Take note, aging Pink Floyd fans: Kanye West's Glow In The Dark show is the most spectacular visual experience that has ever been put on a concert stage, at least for a pop music tour. If the custom-designed incidental music hadn’t been so loud and continuous, you would have been able to hear (and with the frigid, rainy weather, possibly even see) the audience's gasps as the stage was unveiled; a hydraulic platform in the centre of a bumpy moon-scape, buffeted by expertly art-directed jets of dry ice, flame throwers and an enormous screen onto which alien skies were projected in all flavours of the bubblegum rainbow. It was like a black light poster come to life; for once the restrictions on cameras made sense, because seeing it in person without any preconceived notions is the best way to experience a spectacle like this.

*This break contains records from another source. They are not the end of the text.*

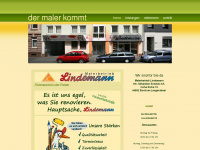 lindemann-gmbh.de Webseite Vorschau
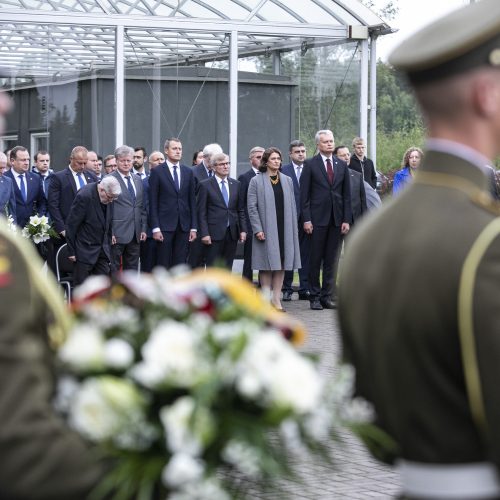 Medininkų tragedijos 29-ųjų metinių minėjimas  © P. Peleckio / Fotobanko nuotr.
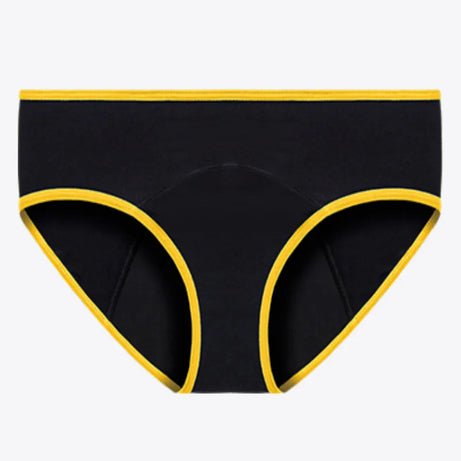 Lot de 3 culottes menstruelles pour femmes, anti-fuites, en coton, absorbantes, physiologiques, pour les règles.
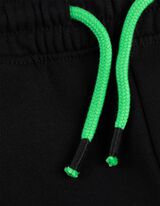 Bėgiojimo kelnės - Minecraft - juodas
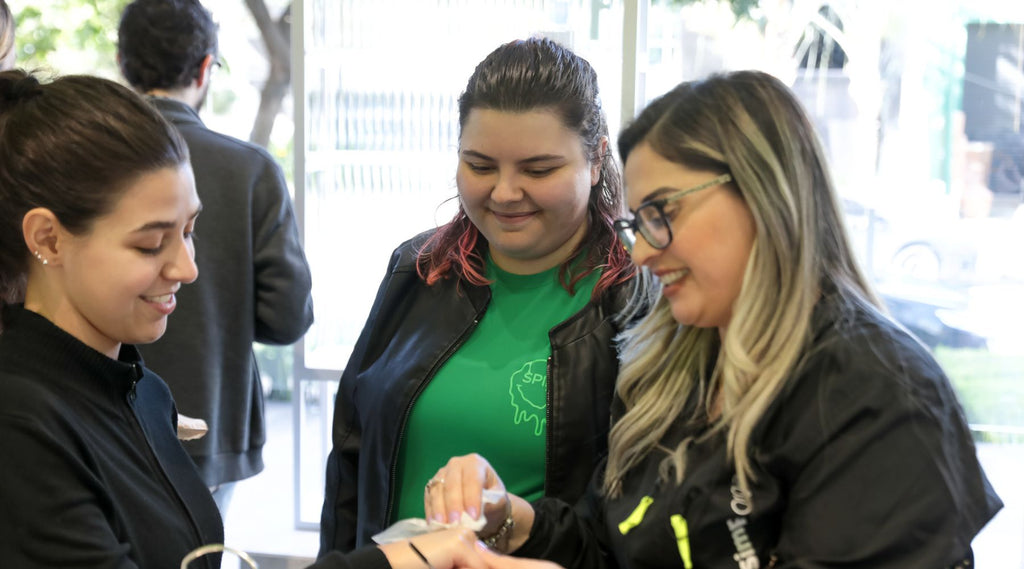 inauguração da Simple em Porto Alegre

There’s only one problem. Any '80s babies out there remember the ride that used to be in the basement of the CN Tower, Tour Of The Universe? That extremely theatrical and elaborately-staged motion simulator that was supposed to be just like taking a shuttle trip through space? Now imagine if the fake astronaut leading you into the simulator kept telling you about the racism he's experienced, how Jesus saves, and of course, how awesome he is.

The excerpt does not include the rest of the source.